The Fulfillment of Career Dreams at Midlife: Does it Matter for Women’s Mental Health?

Carr, Deborah
Working paper no. 1996-21

Abstract

This paper examines whether a woman’s mental health at midlife is affected by the degree to which her earlier career aspirations have been fulfilled. Based on data for 3,052 female respondents to the Wisconsin Longitudinal Study (WLS), the analysis assesses whether a discrepancy between the socioeconomic status of the occupation to which a woman aspired at age 35 and her actual accomplishments at age 53 affects her mental health at age 53. Three dimensions of mental health are considered: depression, psychological well-being and purpose in life.

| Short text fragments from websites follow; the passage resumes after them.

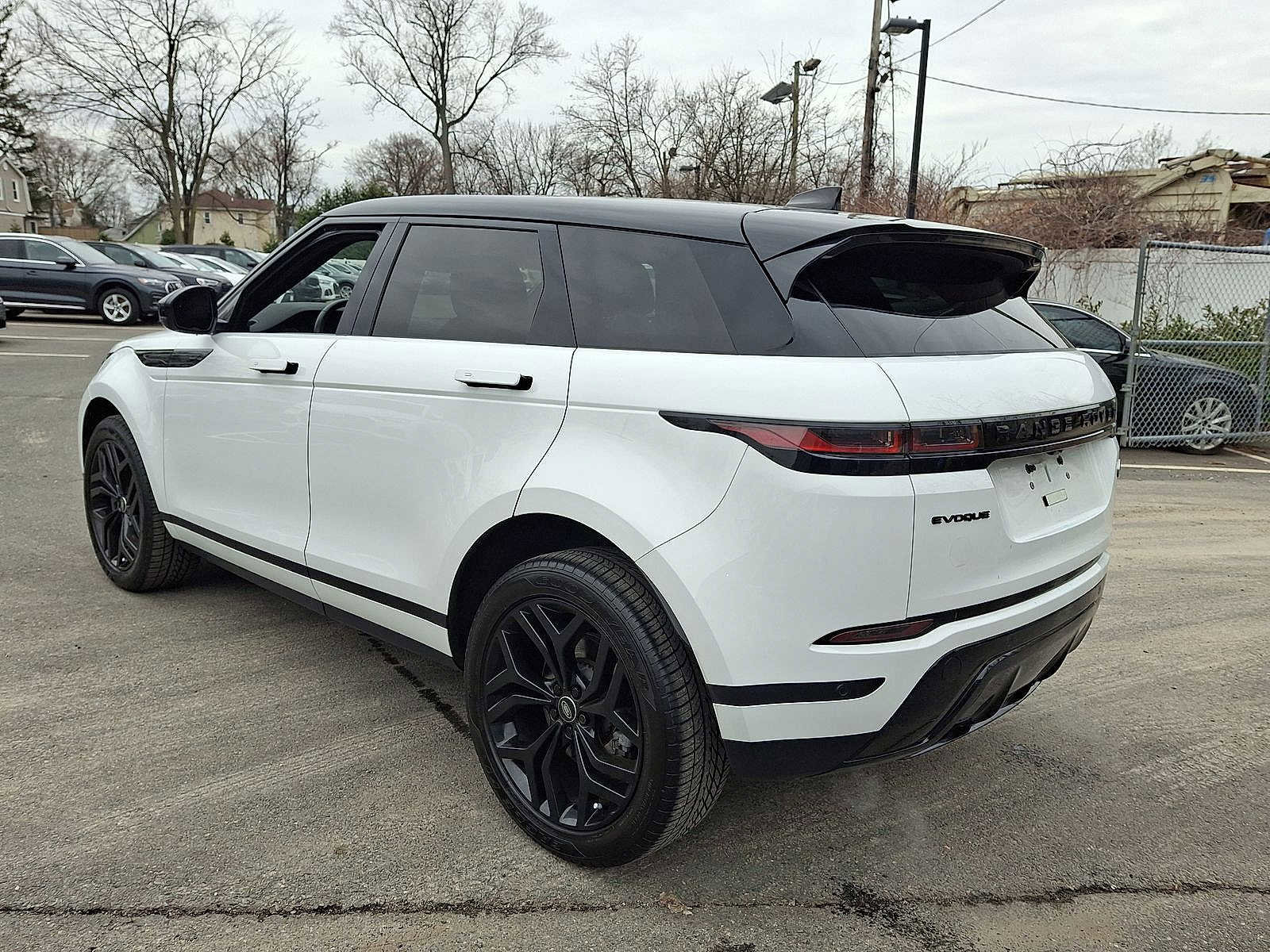 Used 2023 Land Rover Range Rover Evoque SE image 22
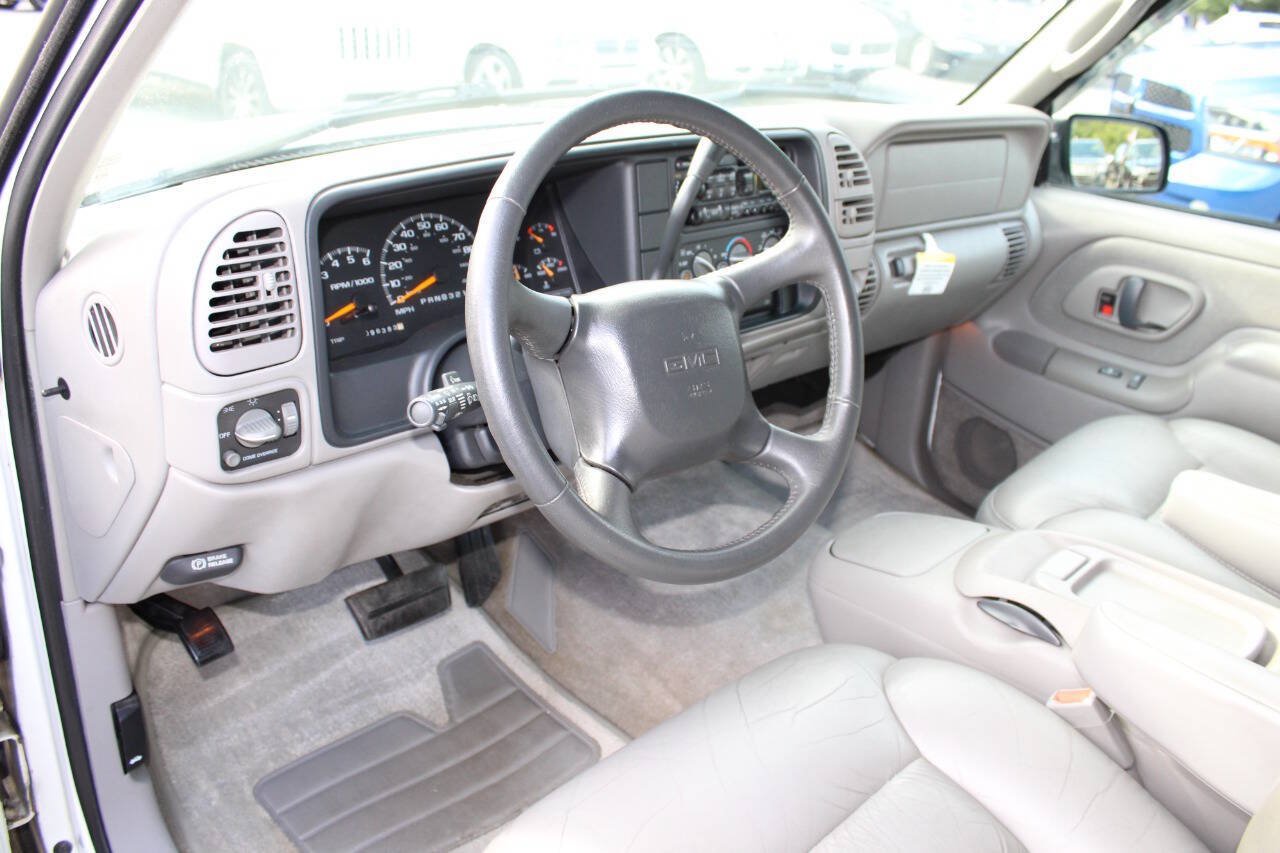 Used 1999 GMC Suburban 4WD w/ Marketing Opt Pkg 3 image 20
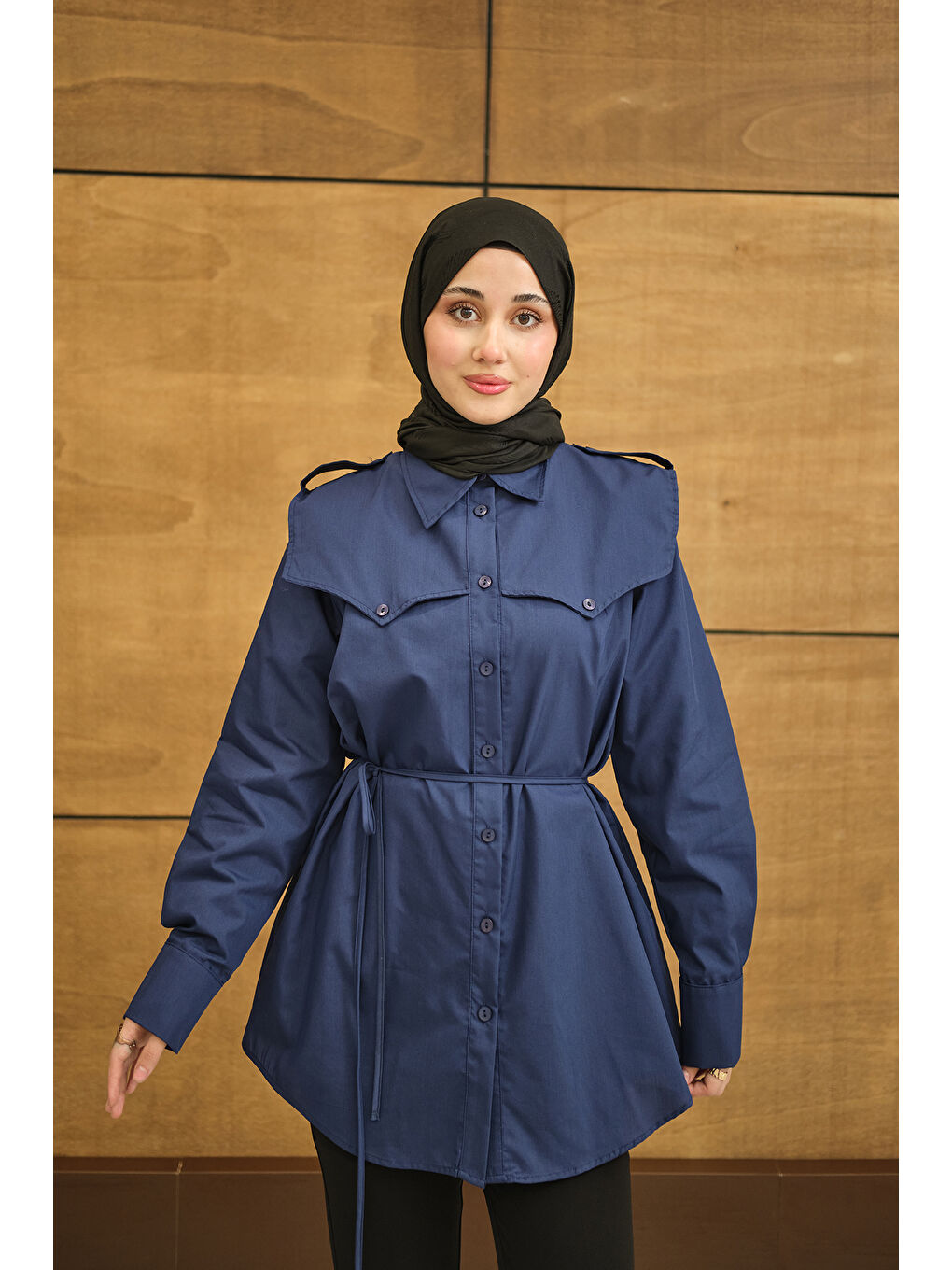 Kadın Roba Detaylı Kemerli Regular Poplin Gömlek Lacivert-2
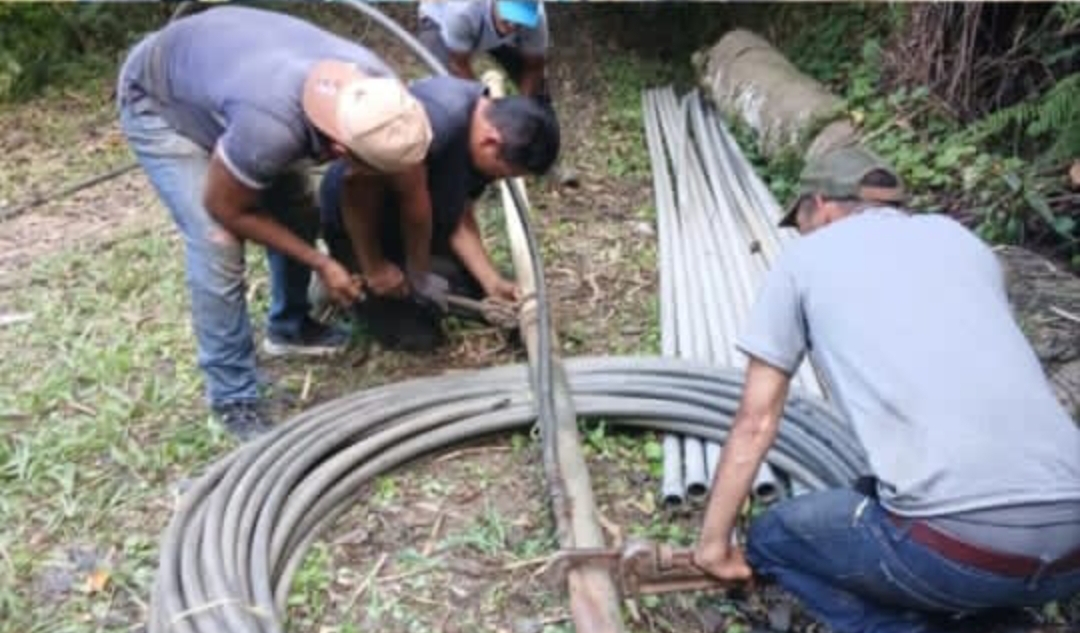 Realizan labores de mantenimiento en pozo de agua en sector La Mata de El Hatillo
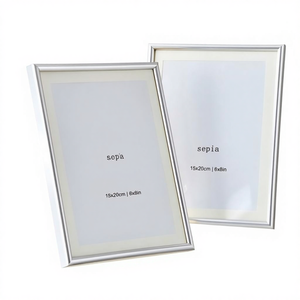กรอบรูปสีเงินเซปีอา อัลลัวร์ ชุด 2 ชิ้น วัสดุพลาสติก ปรับแต่งโลโก้ได้ พร้อมกล่องของขวัญสุดหรู ขนาด 15x15x20 ซม. - Product Image 1
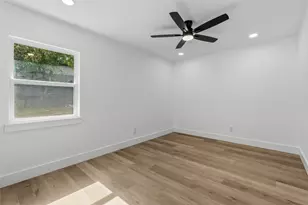 518 N M L King Jr Blvd, Grand Prairie, TX 75050 - Photo 30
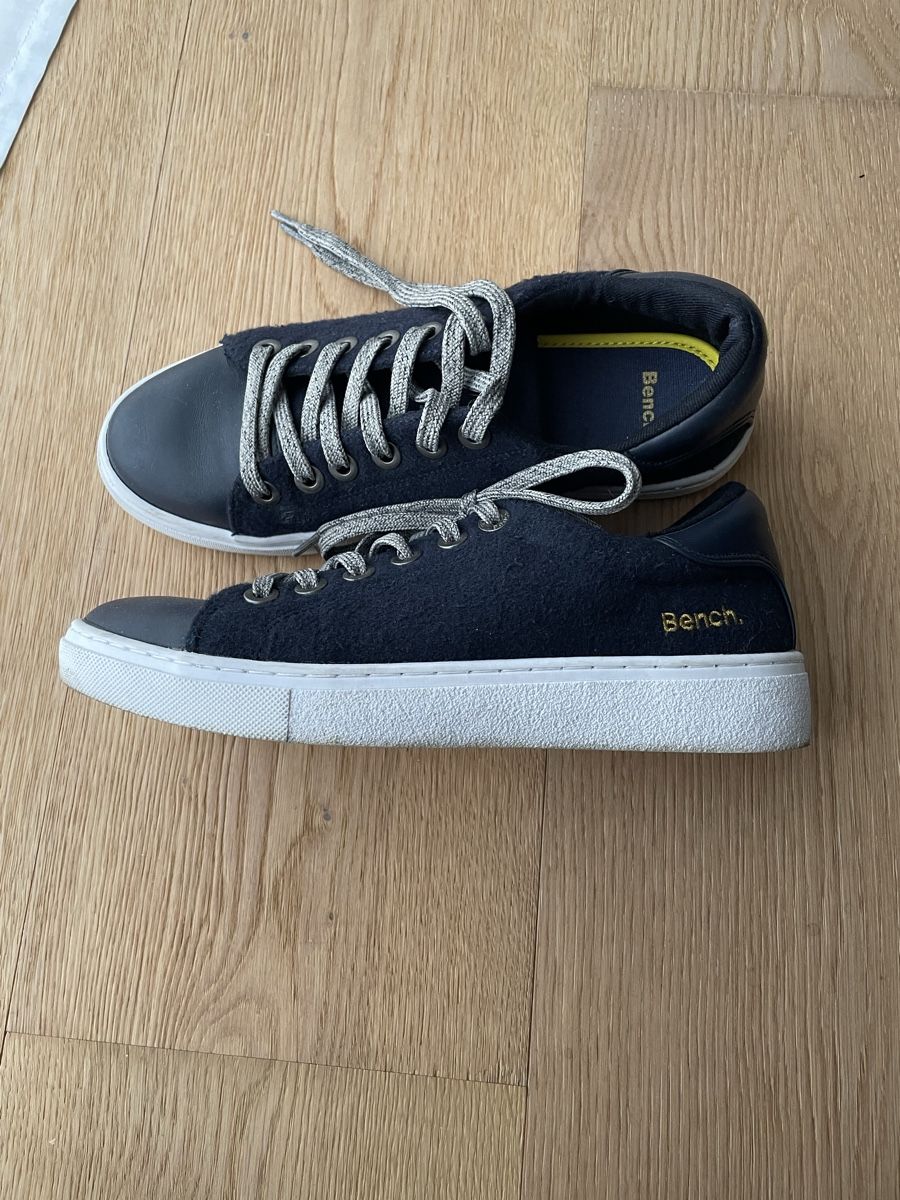 Bench Damenschuhe: Bench Sneakers Gr. 37, dunkelblau – Gebraucht aus Bischofszell von krass13 1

Results indicate that women who fall short of their career goals suffer from lower levels of psychological well-being and purpose in life, higher levels of depression, and are significantly less likely to report that they are “very successful” in their worklives. The harmful effect of falling short of one’s goal lessens when one’s self-assessment of success at work is controlled. Surprisingly, surpassing one’s goal does not provide any benefits to one’s mental health; moreover, women who surpassed their early career aspiration by a great distance are significantly less likely to describe themselves as “very successful” in their worklives. Women who, at age 35, “did not know” what they hoped to be doing in the future evidenced significantly lower levels of well-being and purpose in life at age 53 in the baseline “aspiration-attainment gap” models, yet this effect is no longer statistically significant after prior depression is controlled.